Records for processing below:

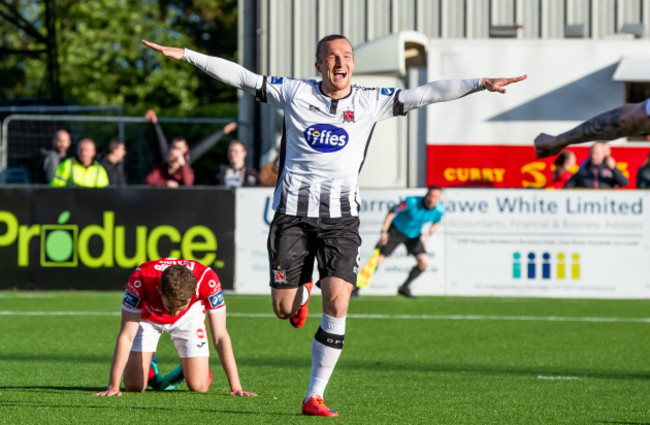 John Mountney celebrates scoring a goal in the first minute of the game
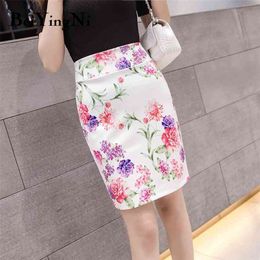 Women Pencil Skirt Split Slim Floral Printed OL High Waist Zipper Korean Elegant Retro Knee-length Skirts Bodycon Saia 210506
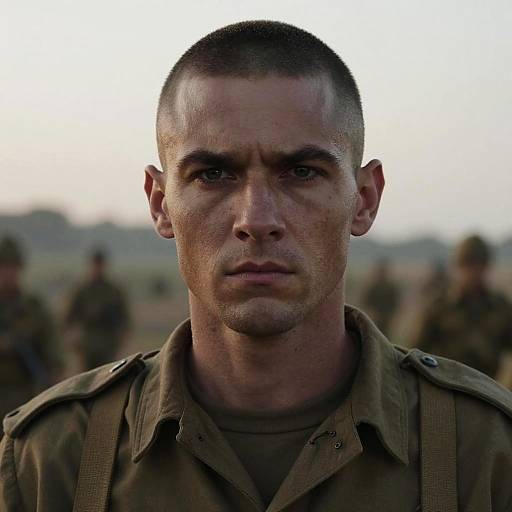 Hyper-Realistic Soldier Portrait at Dawn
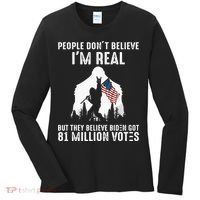 They Believe Bïden Got 81 Million Votes Bigfoot Women's Long Sleeve Shirt thumb 0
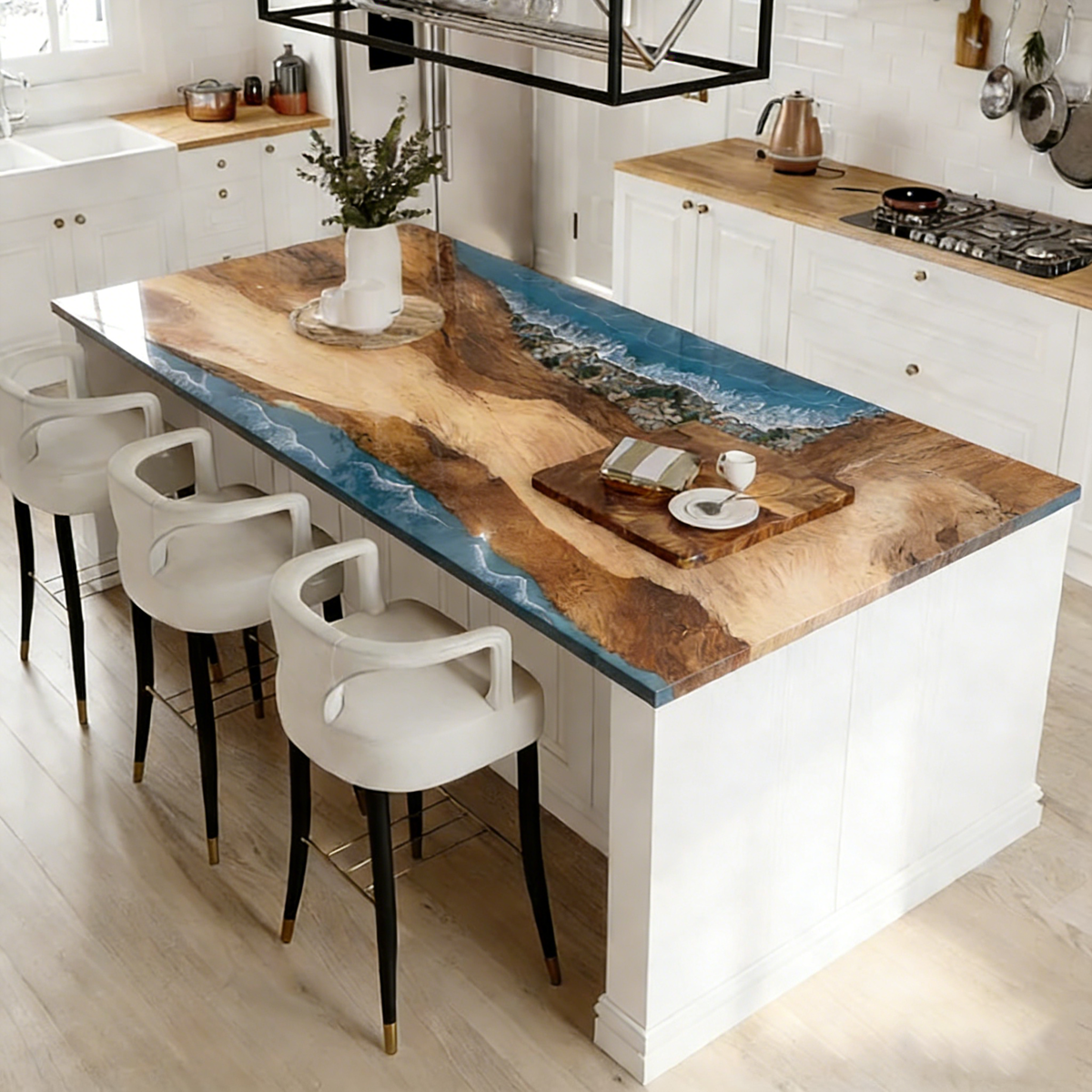 Walnut Wood Coastal Scenery Rectangle Resin Countertop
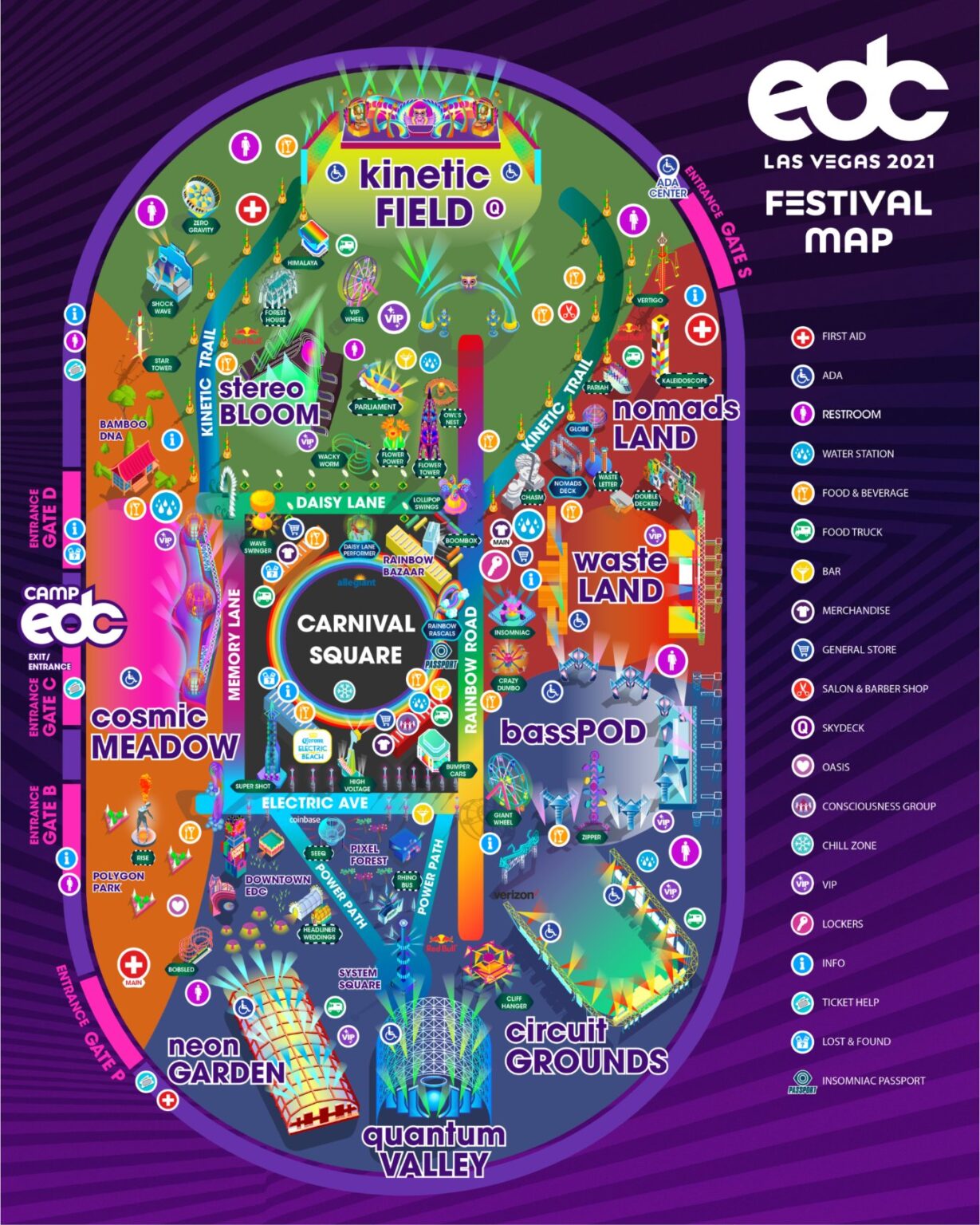 Get familiar with EDC’s layout with 2021 festival and camping maps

End of Records for processing.

- **What is needed**:
Transcribe, without alteration, each line from the one with "Hyper-Realistic Soldier Portrait at Dawn" through the last line of the data; no pictures belong in the copy.

- **Expected output**:
 Hyper-Realistic Soldier Portrait at Dawn
 They Believe Bïden Got 81 Million Votes Bigfoot Women's Long Sleeve Shirt thumb 0
 Walnut Wood Coastal Scenery Rectangle Resin Countertop
 Get familiar with EDC’s layout with 2021 festival and camping maps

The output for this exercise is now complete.